In effect, Andres suggests, the USAF has been so busy locked in on doing what it does that it’s lost its focus on what the nation most needs it to do. The need-to-do job, the real purpose of the military is “to defend the global commons and the open international economic order by ensuring peace among the major powers.”
As have others, Andres also suggest that those who were looking out and looking ahead, including former SecAF Mike Wynn and CSAF General Buzz Mosley, were shown the door for speaking about reversing the USAF’s trend-line.
So what happened?
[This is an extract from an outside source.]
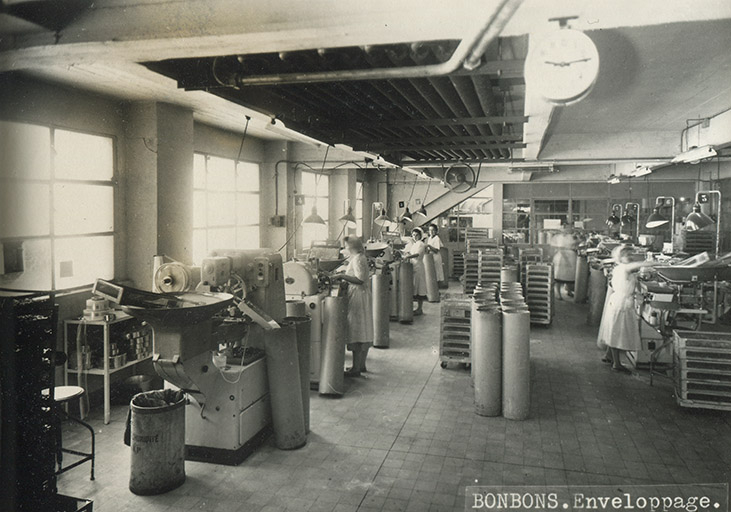 Atelier de fabrication des bonbons. Enveloppage, s.d. [vers 1960]. © Raphaël Favereaux / Région Bourgogne-Franche-Comté, Inventaire du patrimoine - 2019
Well, there were several fundamental changes.
For example, with the end of the Cold War, the perceived value of the nuclear deterrence mission–a major piece of the Air Force–waned.
Also, at the end of the first Gulf War, a USAF-level decision that all future platforms would need to be stealthy and high-tech (and yes, expensive and manned) drove the USAF away from the sort of platforms that today’s effort would most need in a more low-tech battlespace.
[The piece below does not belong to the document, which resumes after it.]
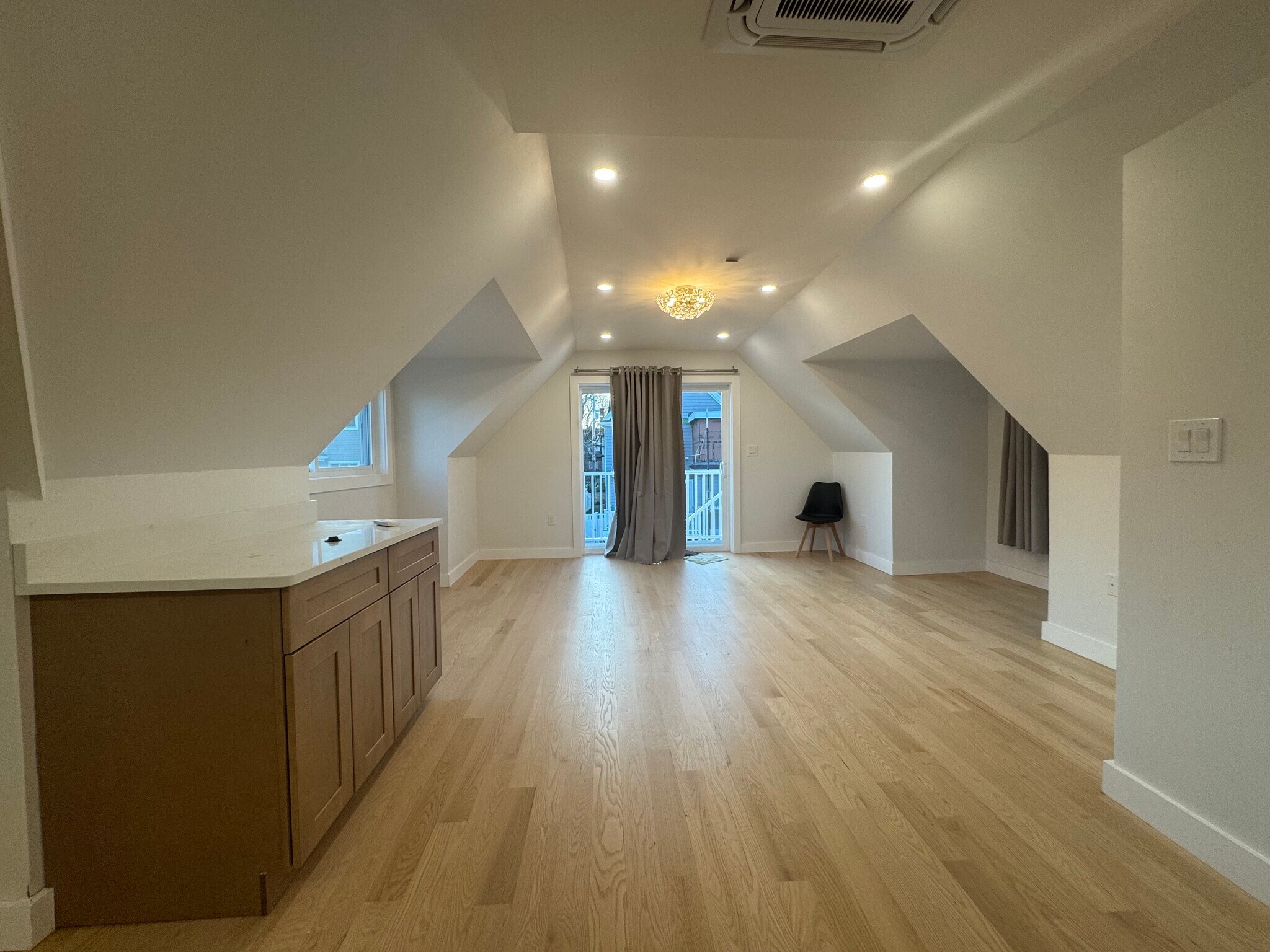 Building Photo - 12 Sewall Ave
An unrelenting ops tempo, when combined with the 90’s-era desire for a peace dividend meant procurement efforts like the next tanker, the KC-X were deferred or, like the F-22, drug-out, to their great detriment.
More recently, the USAF was slow to react to Secretary Gates’ desire to get more UAVs into the current fight, convincing (or reaffirming) many of a USAF stuck in a manned-fighter paradigm.
All along the way, other nations (think China) have been catching up as technology proliferates (think of Russian anti-air systems that may end up in Iran) and are robustly building out their anti-access capabilities. The Navy may suffer greatly in this regard as well with the recent revelations regarding China’s DF 21 anti-ship missile.
Andres suggest several of the usual candidates-for-success when this topic is being discussed: having more integrated and coordinated air power by more effectively using Army, Navy, and Marine air assets and getting the new tanker buy underway, as it is the resource which provides longer-legs to all air assets, especially when we are “basing challenged.”
Speaking of basing, Andres advocates fewer European bases and using scarce political capital to acquire better access in the PACOM and CENTCOM AORs.
These are difficult to argue against and when I wrote on this general theme two years ago, I argued the Air Force has fallen because it often lacks vision and its leaders tend to be copies of those who have gone ahead of them. Andres wraps up with the similar thoughts.
The most profound challenge to the USAF may well be its own culture, and that is the sort of long-term turn that is very difficult for a command and control type of bureaucracy–like the Air Force– to make.